На острие
Шрифт:
Поднявшись по ступенькам, я толкнула недавно смазанную дверь и вошла в Логово. Так мы называли эту огромную квартиру, которую трейсеры облюбовали и обжили давным-давно. Вспомнилось, как стояла на пороге впервые, открыв от удивления рот, так что Ларс пошутил про ворону.
Легкая мебель из стальных труб и настоящего дерева сохранилась почти в первозданном виде. Её изредка подкрашивали, чтобы не ржавела сильно. И даже стекла панорамного окна мылись раз в год – как они уцелели, для меня до сих пор было загадкой. Но думать об этом сейчас сил не осталось. Добраться
Рядом лежала упаковка соленых галет. Но я так устала, что о еде не думала. Спать! Все – потом.
***
Солнце светило прямо в глаза.
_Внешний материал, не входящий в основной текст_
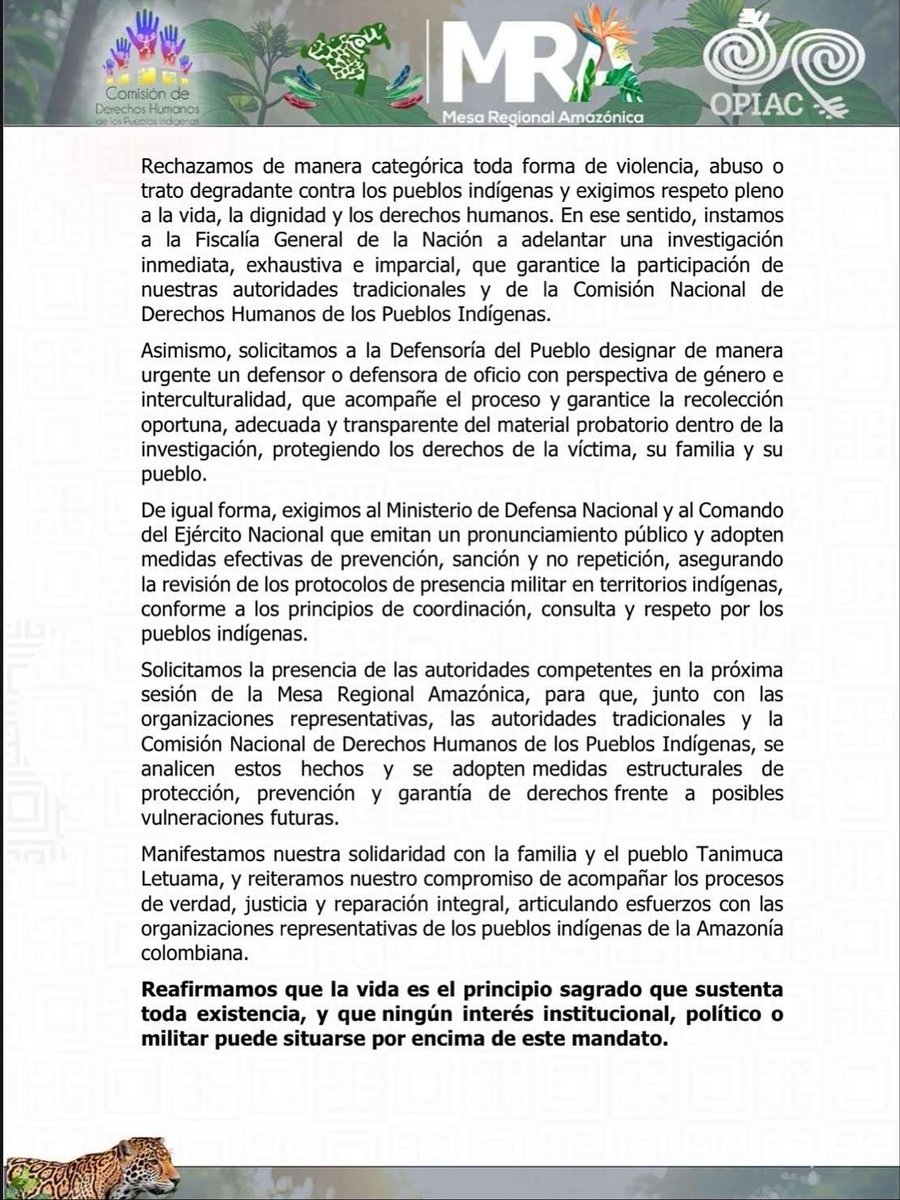 Desde la Mesa Regional Amazónica (MRA) y la Comisión Nacional de Derechos Humanos de los Pueblos Indígenas (CNDDHHPII) expresamos nuestra profunda indignación y preocupación ante los hechos que condujeron al fallecimiento de la niña indígena Zenaida Tanimuca Letuama, de 16 años.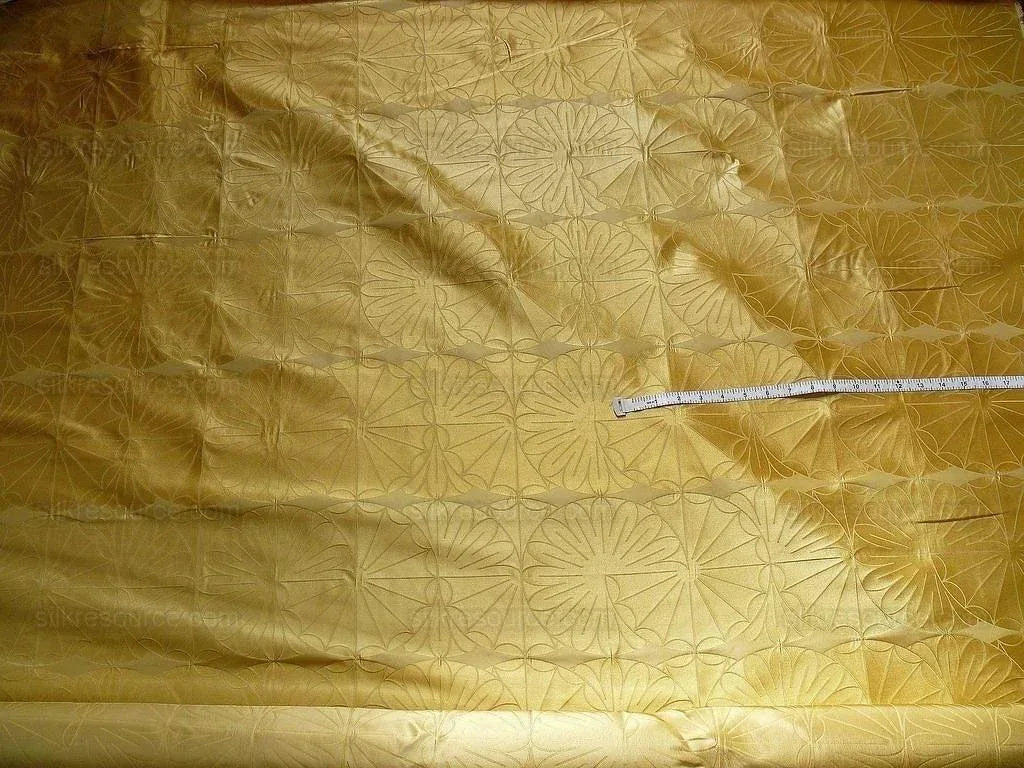 100% SILK DAMASK MODERN GEOMETRIC DAISY ROUND "WHEAT" GOLD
Я попыталась отвернуться, чтобы поспать еще немножко, но услышала шаги.
Сон как рукой сняло. Миг – я и на ногах, готовая бежать без оглядки.
– Лара! Ты чего?
– Напугал! – я упала обратно на диван. – Напугал…
Паника не прошла, осталась холодом в позвоночнике, напряженными мышцами, обостренным слухом. Казалось, я слышу то, что происходит в соседнем доме.
– Ну, тише, тише! – Ларс уселся рядом, обнял. – Рассказывай, что стряслось. В новостях кошмар что творится…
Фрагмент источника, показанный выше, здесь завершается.